This blog article was written by John D. Gordan, III, and it’s a preview of his Judicial Notice Issue 15 article on United States v. William Fullerton. Mr. Gordan is a graduate of the Harvard Law School and clerked from 1969-1971 for the Hon. Inzer B. Wyatt, U.S. District Judge (S.D.N.Y.). From 1971-1976 he was an Assistant U.S. Attorney for the Southern District of New York and thereafter engaged in full-time private practice in New York City until 2011. He was one of the founders of the Historical Society of the New York Courts and a member of its board; several of his articles have previously been published in Judicial Notice. His most recent book is entitled This Practice Against Law — Cuban Slave Trade Cases in the Southern District of New York, 1839-1841.
Judicial Notice Issue 15 is on the way, but we ran into a slight delay and are unable to send the newest edition to your homes. Who are the four men profiled in this new issue? Find out each week as our authors preview their impressive articles.

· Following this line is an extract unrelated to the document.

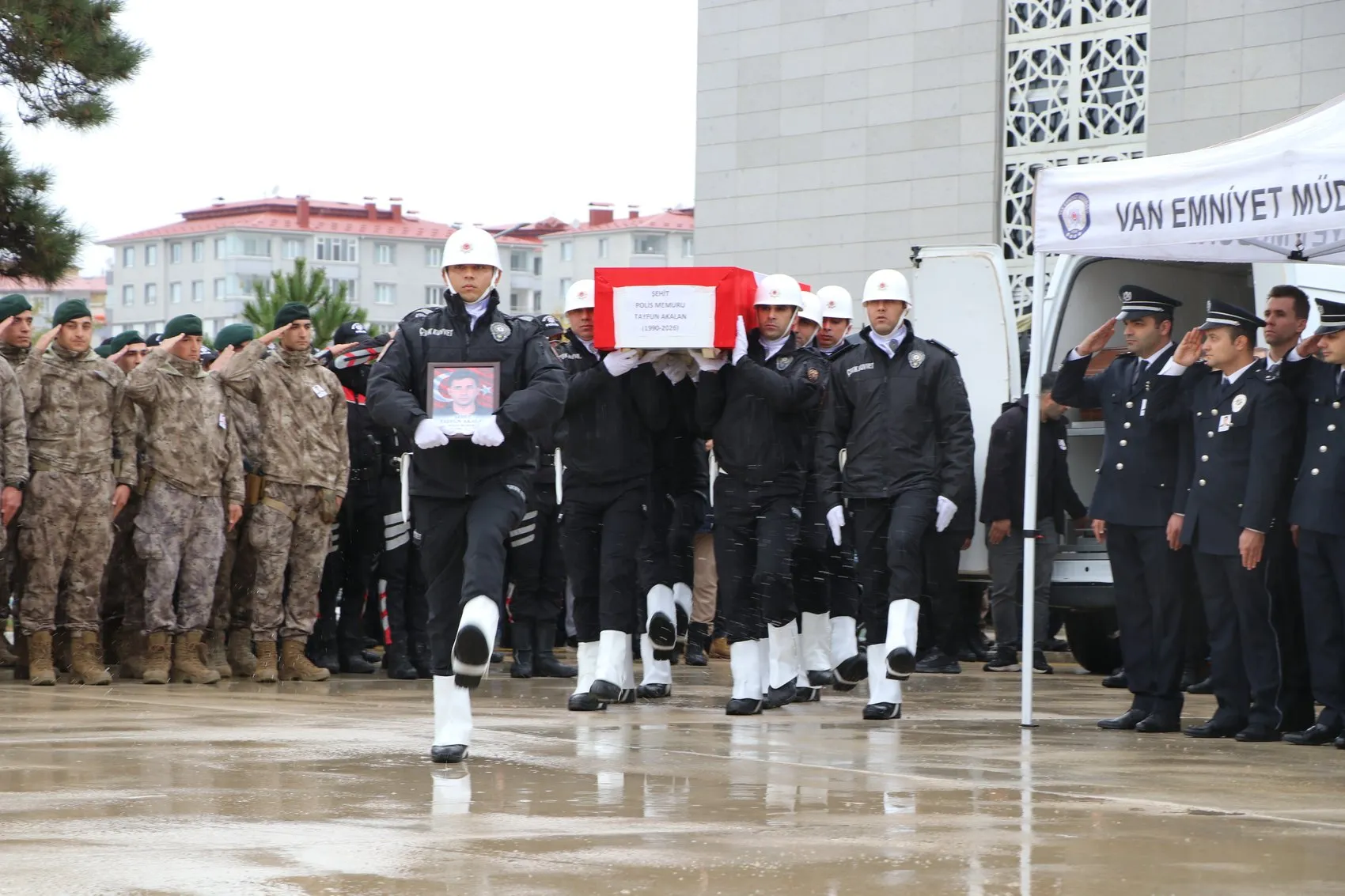 Şehit polis memuru Tayfun Akalan Van'dan Ankara'ya uğurlandı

The new issue of Judicial Notice contains an article about the trial of William Fullerton, who in 1867 sat on the New York Court of Appeals. On September 14, 1868, Fullerton was appointed by President Andrew Johnson to prosecute evaders of the 1864 federal whiskey tax in the federal court in New York. On November 23, 1868, the United States Attorney for the Southern District of New York, Samuel G. Courtney, obtained Fullerton’s indictment for alleged participation in the shakedown of a Revenue Collector in June 1868. Earlier in November, Fullerton had traveled to Washington to warn the President and the Secretary of the Treasury that Courtney was in league with the whiskey tax evaders. That warning had earlier been given by John M. Binckley, a former Acting Attorney General who was the first to be assigned responsibilities similar to Fullerton’s but who resigned after a month. Fullerton was tried and acquitted in March 1870.

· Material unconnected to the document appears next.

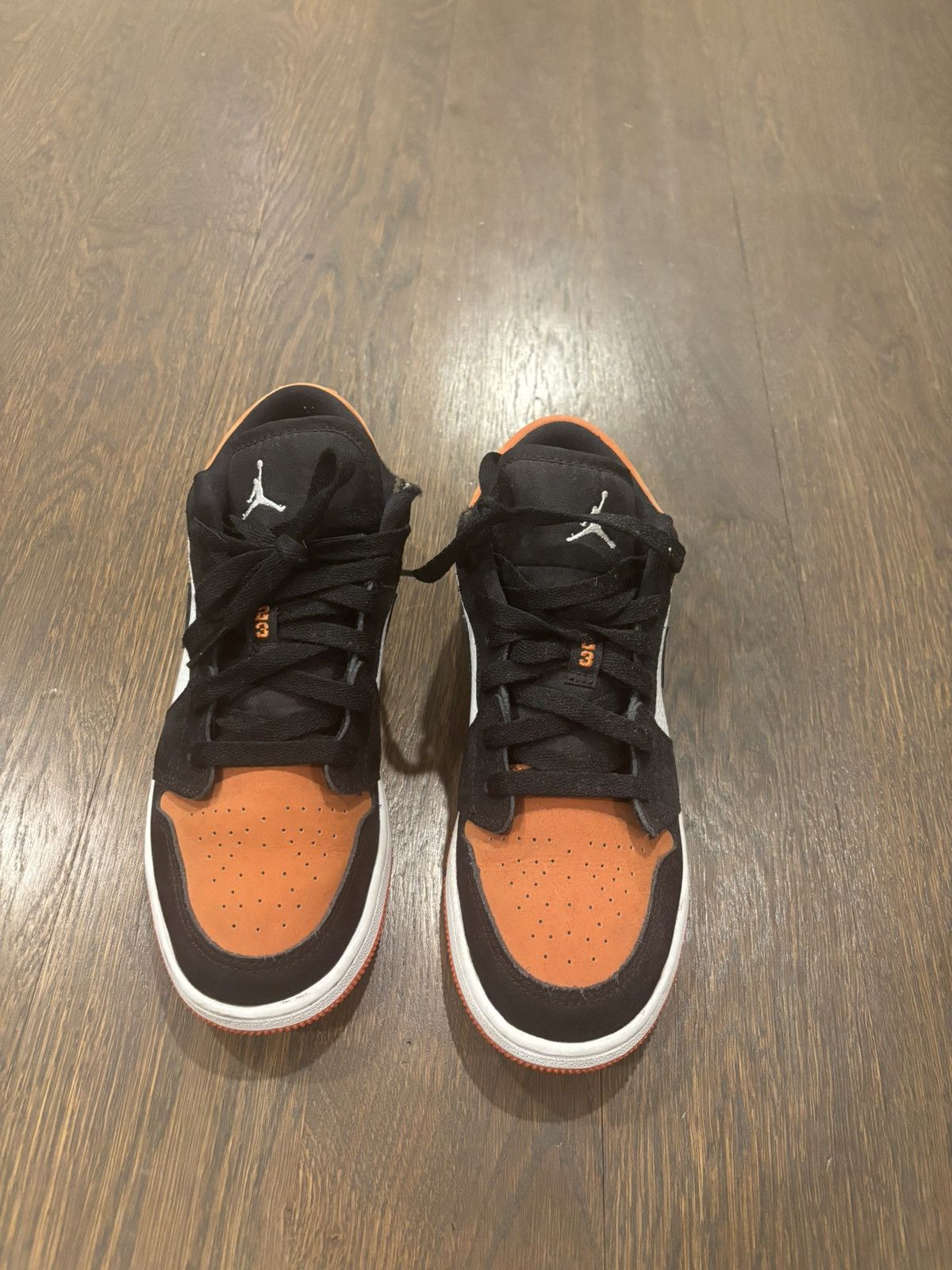 Jordan Brand Jordan 1s Shattered Backboards Size US 6 / IT 36 - 1 Thumbnail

Surprising as this story sounds, it nevertheless pales in comparison with the “Whiskey Ring” conspiracy centered in the Midwest, primarily St. Louis, magnified starting in 1871, with the assignment of John McDonald to St. Louis as Supervisor of Internal Revenue for the Midwest. Apparently conceived in aid of political fundraising, the “Whiskey Ring”, operated by local Internal Revenue officers in collaboration with distillers and other participants in the manufacturing process, generated substantial illicit revenues through the evasion of the whiskey tax. Some of these moneys were applied to the campaign expenses of President Ulysses S. Grant.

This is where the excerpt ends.